フェラーリF1で始まった“心理戦” ハミルトン復活勝利で苦しむルクレールは嫉妬否定も失望

2026年06月18日(木)17:43 pm

記事要約


・シューマッハは、ハミルトンがルクレールに心理的優位を得ていると指摘

・ルクレールは不振とミスに苦しむ一方、ハミルトンへの嫉妬は否定

・ドメニカリも、ハミルトンの復活勝利を高く評価


■ハミルトンがルクレールに“心理戦”か、シューマッハが指摘

ルイス・ハミルトン(フェラーリ)がフェラーリ移籍後、待望の初勝利を挙げたことで、チームメイトのシャルル・ルクレール(フェラーリ)へのプレッシャーが高まっている。

元F1ドライバーのラルフ・シューマッハは、ハミルトンがすでに心理的な優位を得ていると考えている。

シューマッハは『Sky Deutschland(スカイ・ドイチュラント)』に次のように語った。

「今、2人の間で心理戦が始まっています」

「彼らが決して良い関係ではないことは分かります。おそらく、かつてのニコ・ロズベルグとハミルトンのようなものです」

シューマッハは、ハミルトンが最近語った「自分が何者かを思い出した」という発言は、批判者だけに向けたものではないと考えている。

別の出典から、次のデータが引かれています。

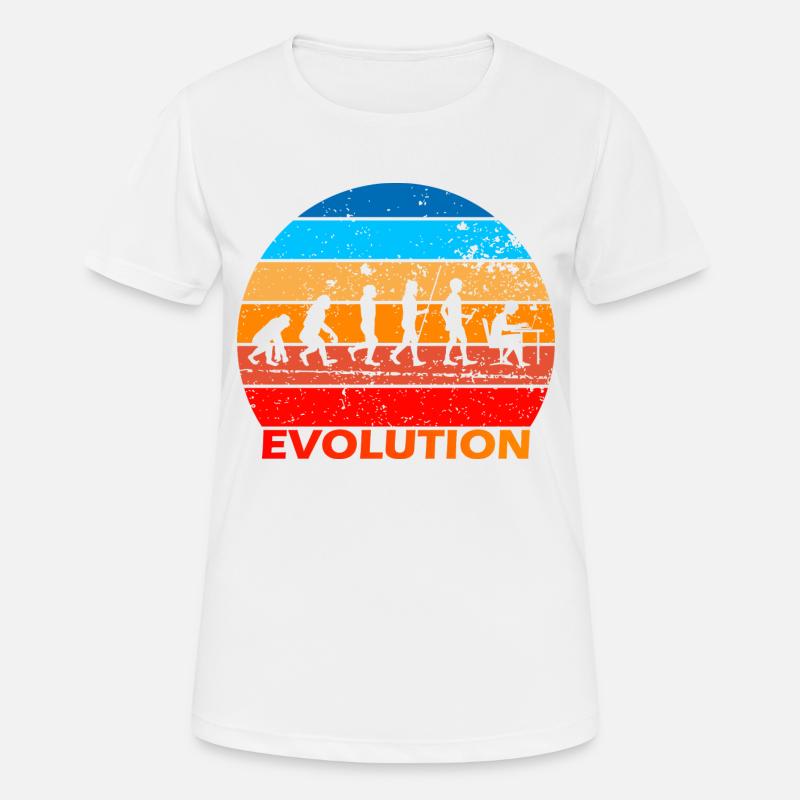 Evolution de l’informatique informatique Informatique Computer Science Computer Nerds - T-shirt respirant Femme - blanc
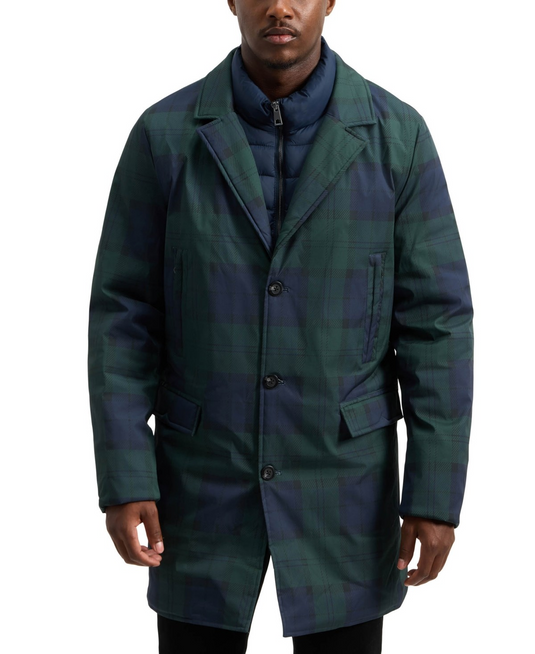 Translation missing: en.Hunter Men's Aldgate Premium Blazer Twofer Jacket Blackwatch Plaid Tarten-Large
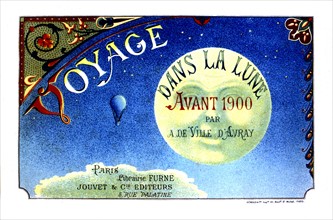 De Ville d'Avray, Le voyage dans la lune avant 1900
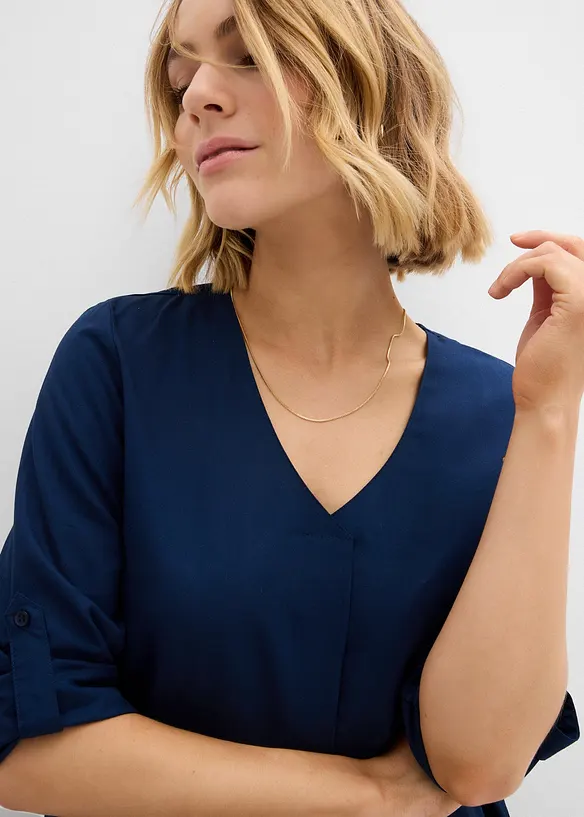 Slip on-bluse i lett viskose, bonprix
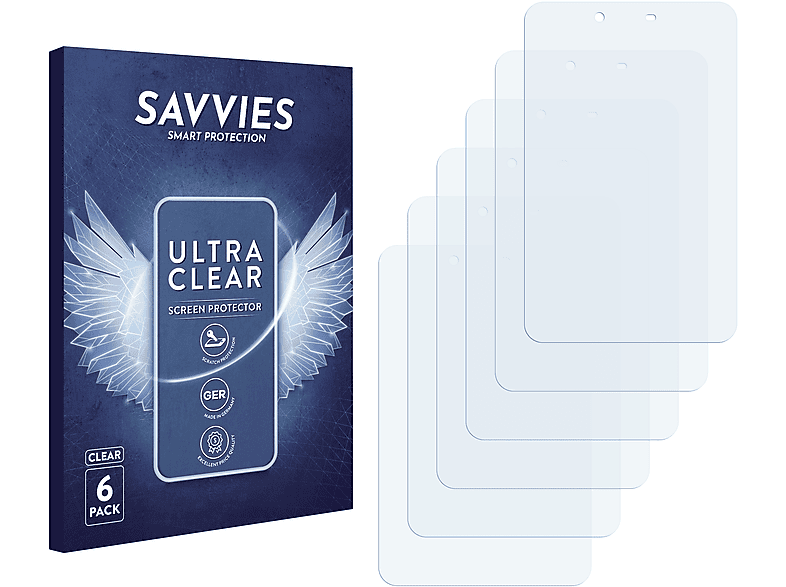 SAVVIES 6x klare Schutzfolie(für Saphir SMT 7 3G A7S)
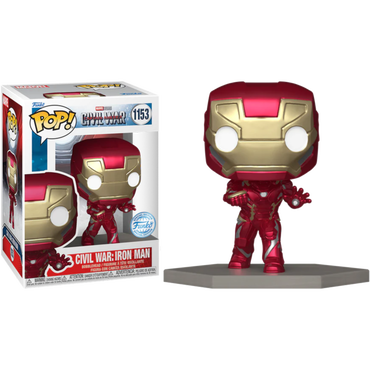 Iron Man (Build-A-Scene) #1153 Captain America: Civil War Pop! Vinyl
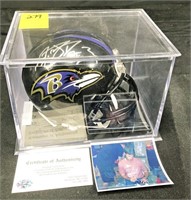 Miniature Ravens Matt Stover Helmet Signed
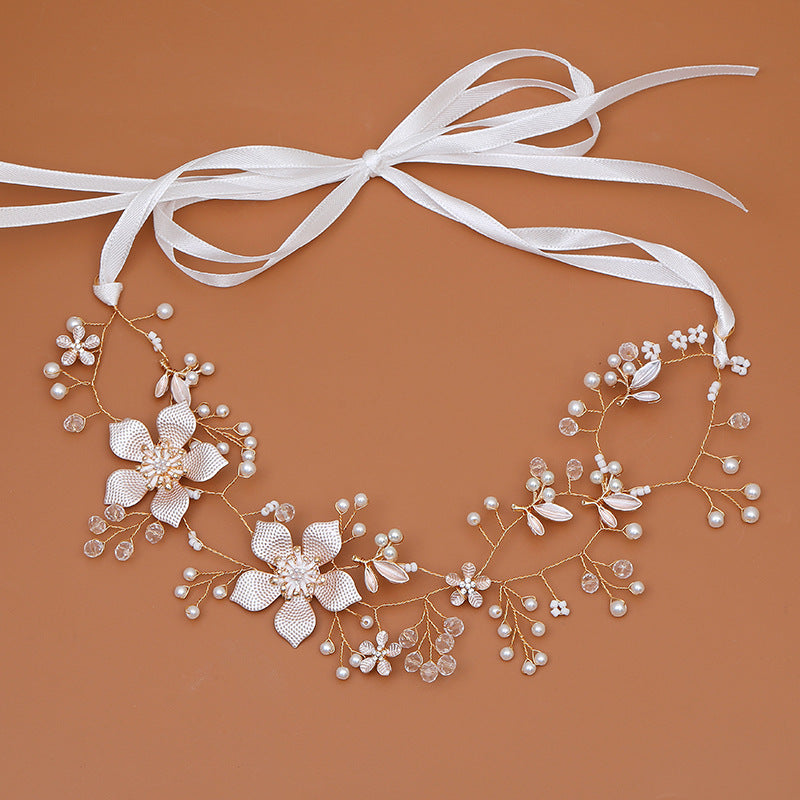 Bridal Metal Wire Floral Headdress
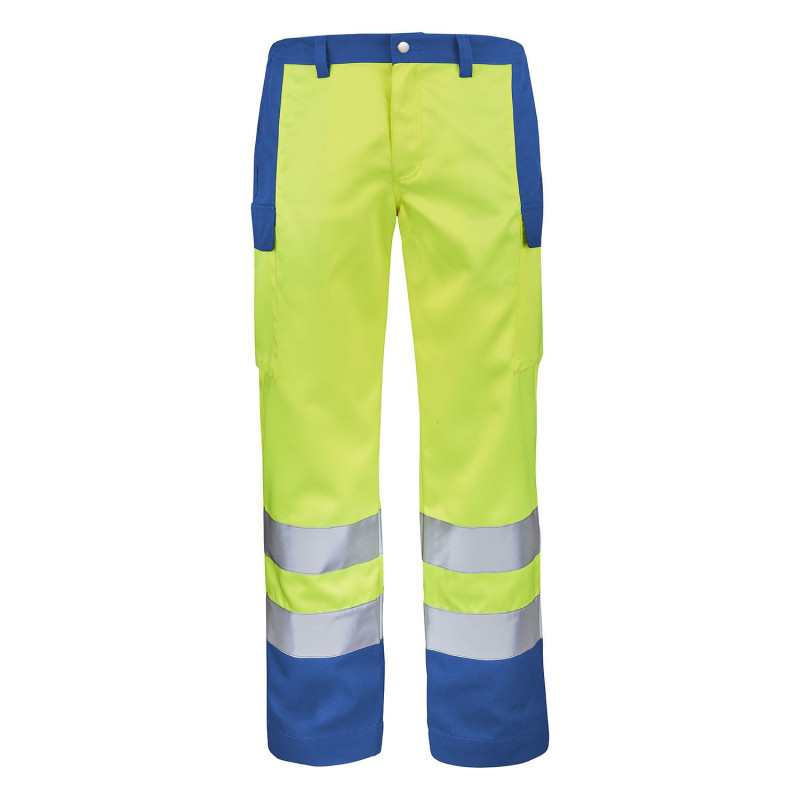 pantalon travail jaune fluo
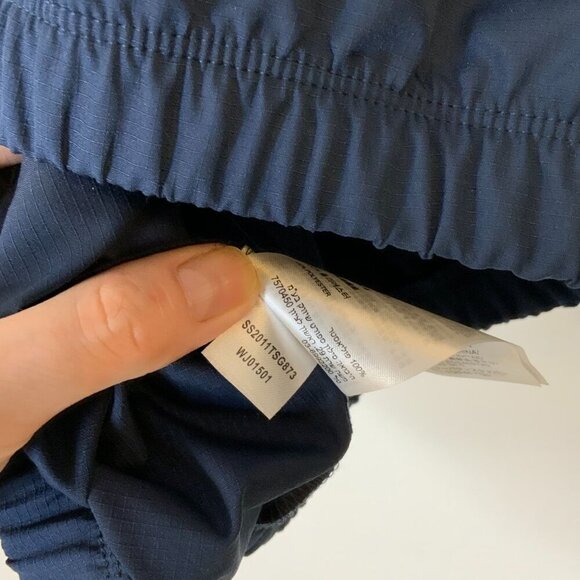 New Balance Color Block‎ Windbreaker Jacket White Yellow Blue Full Zip Front L - Picture 5 of 9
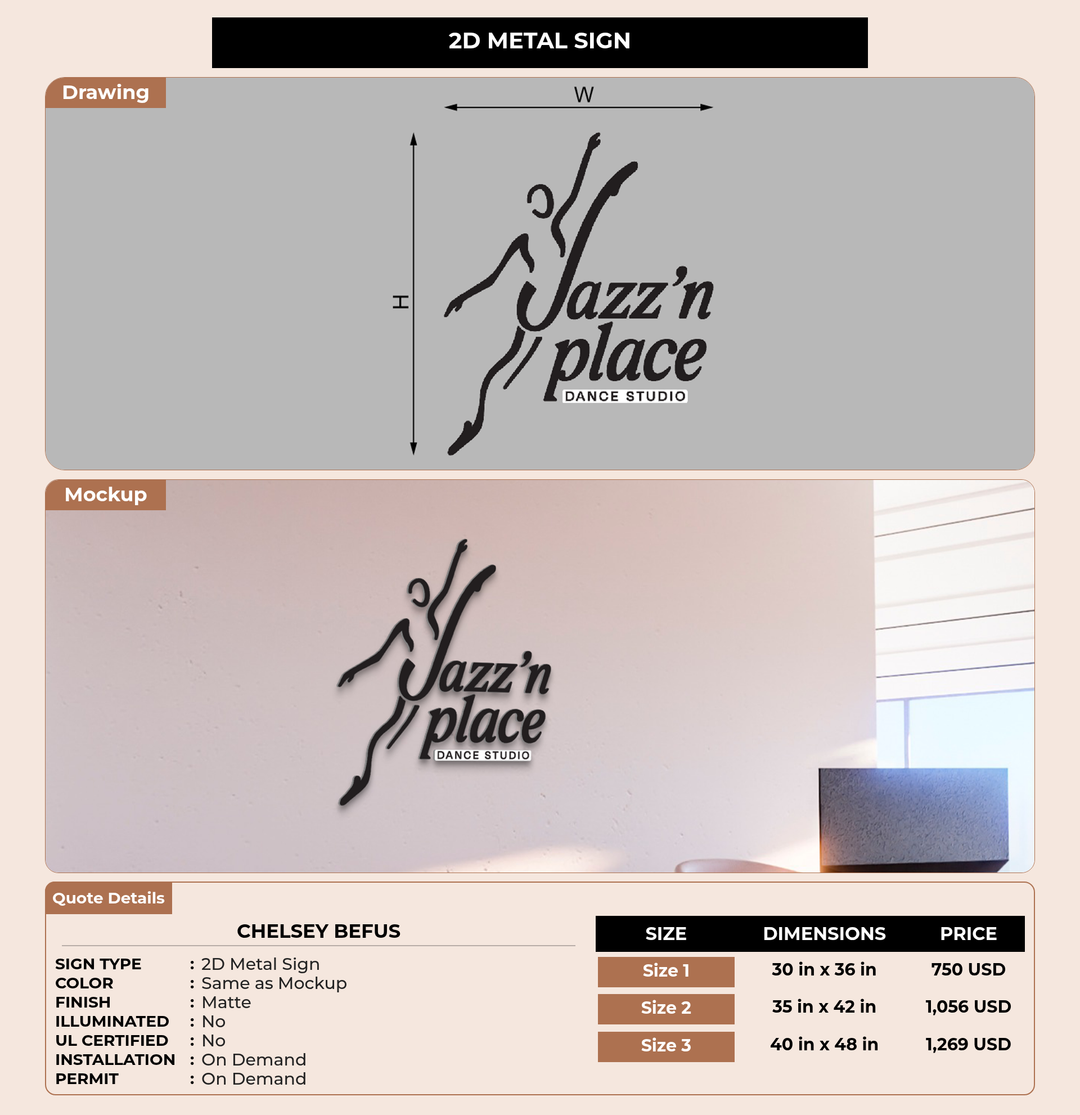 CUSTOM MOCKUP SIGN FOR chelsey befus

「現時点で、ルクレールは自分に過度なプレッシャーをかけているだけです」とシューマッハは語った。

「ルイスはとても巧みにやっています。通常の状況では、自分がルクレールより速く走れないことを分かっていますが、彼を少し追い込もうとしているのです」

「シャルルは、なぜ以前のようにコンマ6〜7秒(0.6〜0.7秒)の優位を築けないのか理解できず、クルマを攻め過ぎ始めています」

シューマッハは、ウィリアムズ時代にファン・パブロ・モントーヤと組んだ自身のF1キャリアでも、同じようなパターンがあったと経験を語った。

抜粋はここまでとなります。